In contrast to canonical GPCRs, OA1 is not localized to the cell surface, but is exclusively detectable on the membrane of intracellular organelles. In fact, immunofluorescence and immunogold analyses, as well as in vivo cell surface biotinylation performed in normal human melanocytes showed that OA1 is excluded from the plasma membrane (Schiaffino et al., 1999). However, some controversy exists on the precise subcellular localization of the protein. By double immunofluorescence analysis in normal human melanocytes, the endogenous OA1 was found to co-localize with the melanosomal matrix glycoprotein gp100/Pmel17 (Schiaffino et al., 1999, 2002), which labels melanosomes at early developmental stages (Raposo et al., 2001). The proteomic analysis of a purified early melanosome fraction obtained from the human melanoma line MNT1 confirmed that OA1 is associated to these organelles (Basrur et al., 2003). In addition, immunogold and immunoperoxidase analyses at the ultrastructural level in normal human melanocytes demonstrated that OA1 is also present on melanosomes at later stages of maturation, where gold particles were observed both on the cytosolic side and in the interior of the organelles, suggesting that part of the protein might be internalized in intralumenal vesicles (Schiaffino et al., 1996, 1999).

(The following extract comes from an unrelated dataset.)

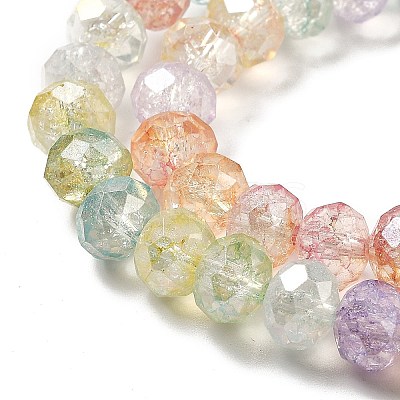 Transparent Crackle Glass Beads Strands CCG-L050-01A-09-1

By contrast, studies on the mouse ortholog showed that the endogenous Oa1 and the recombinant OA1-green fluorescent protein (GFP) fusion protein in melan-c and melan-a mouse melanocytes, respectively, co-localize widely with LAMP1, but only modestly with TRP1, a marker of mature melanosomes (Samaraweera et al., 2001). In addition, upon density gradient fractionation of subcellular organelles, Oa1 was not found to peak at the dense fractions as tyrosinase and TPR1, suggesting that it is mostly an endo-lysosomal protein, with minimal or no co-localization with melanosomes (Samaraweera et al., 2001). The reason for these discrepancies might partially lie in the different techniques, markers, and cell models utilized. In order to solve this issue, we recently performed quantitative immunofluorescence and immunogold analyses of the OA1 distribution in MNT1 cells. Our results indicate that OA1 is similarly distributed along both the late endosomal/lysosomal and the melanosomal compartments in melanocytic cells (M.V. Schiaffino and C. Tacchetti, unpublished results).

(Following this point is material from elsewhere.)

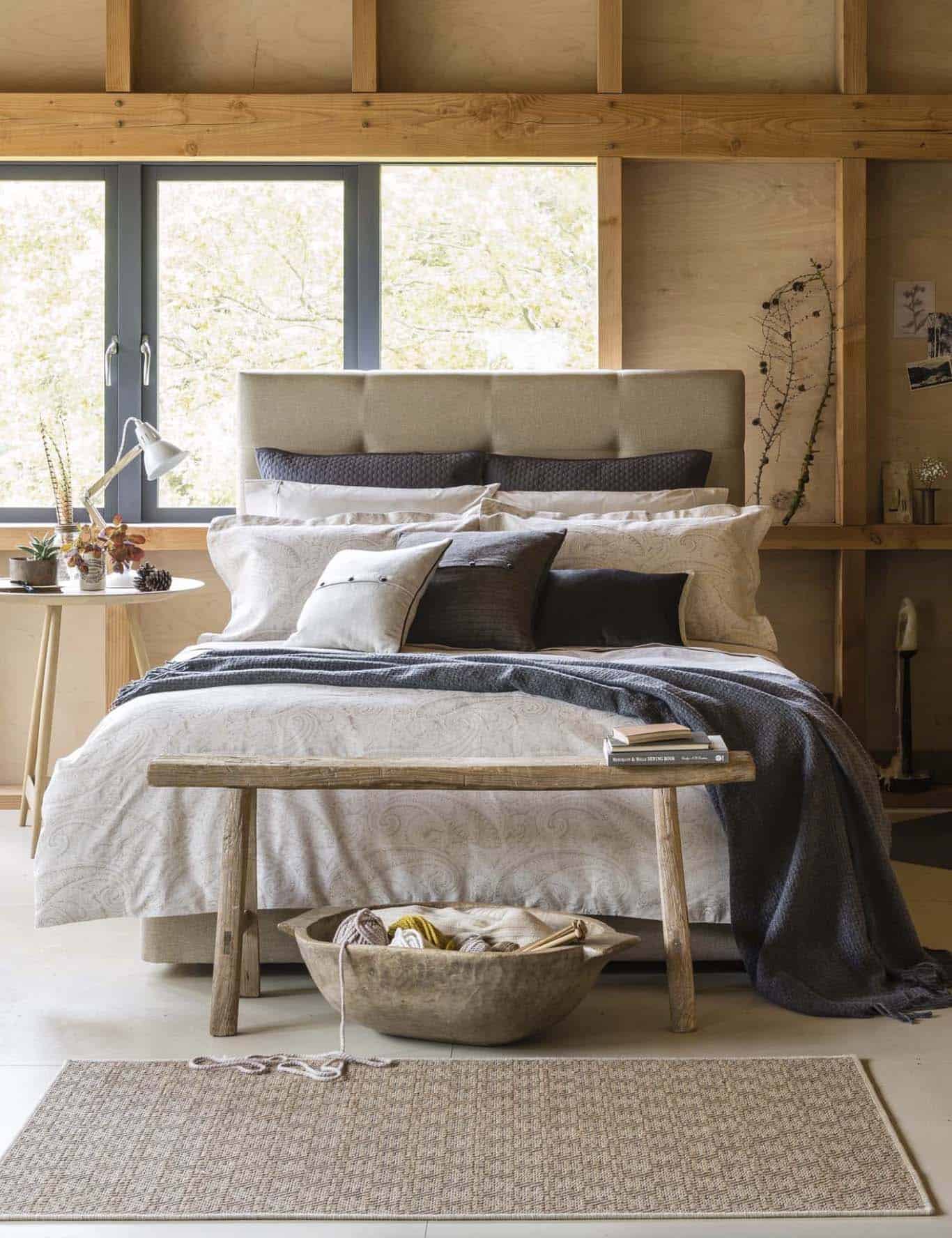 Scandinavian bedroom with a soothing palette of warm woods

However, it should be underlined that, in agreement with previous observations (Schiaffino et al., 1996), morphometric analysis of immunogold-labeled pigmented melanosomes revealed that most of OA1 is associated to intralumenal vesicles at late melanosome maturation stages (K. Cortese, personal communication). As suggested for Pmel17 (Donatien and Orlow, 1995; Raposo et al., 2001), the presence of melanin at this location might prevent the accessibility of epitopes to antibodies. Furthermore, in consideration of the absorption spectra of melanin, annihilation of fluorescence by the pigment may occur. Thus, the low co-localization between Oa1 and markers of mature melanosomes by immunofluorescence analysis (Samaraweera et al., 2001) may be because of technical biases. In addition, melanin has been shown to reduce the detergent solubility of melanosomal matrix proteins, such as Pmel17, but not of tyrosinase and TRPs (Donatien and Orlow, 1995). Given the lumenal localization of OA1 in mature melanosomes, its apparent failure to co-sediment with tyrosinase and TRP1 in the Percoll gradient dense fractions (Samaraweera et al., 2001) could result from its poor extractability in the presence of high pigment concentrations.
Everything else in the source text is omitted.